Top of Data extracts

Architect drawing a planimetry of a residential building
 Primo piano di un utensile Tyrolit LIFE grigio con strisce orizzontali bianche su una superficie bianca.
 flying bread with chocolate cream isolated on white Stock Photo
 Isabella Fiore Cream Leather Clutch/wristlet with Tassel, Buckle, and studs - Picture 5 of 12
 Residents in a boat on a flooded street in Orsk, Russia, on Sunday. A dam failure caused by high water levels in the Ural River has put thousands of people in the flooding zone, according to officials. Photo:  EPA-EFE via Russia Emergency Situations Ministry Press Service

Bottom of Data extracts

# Assignment
Please write out all the data above, exactly as it reads.

# Written answer
Architect drawing a planimetry of a residential building
 Primo piano di un utensile Tyrolit LIFE grigio con strisce orizzontali bianche su una superficie bianca.
 flying bread with chocolate cream isolated on white Stock Photo
 Isabella Fiore Cream Leather Clutch/wristlet with Tassel, Buckle, and studs - Picture 5 of 12
 Residents in a boat on a flooded street in Orsk, Russia, on Sunday. A dam failure caused by high water levels in the Ural River has put thousands of people in the flooding zone, according to officials. Photo:  EPA-EFE via Russia Emergency Situations Ministry Press Service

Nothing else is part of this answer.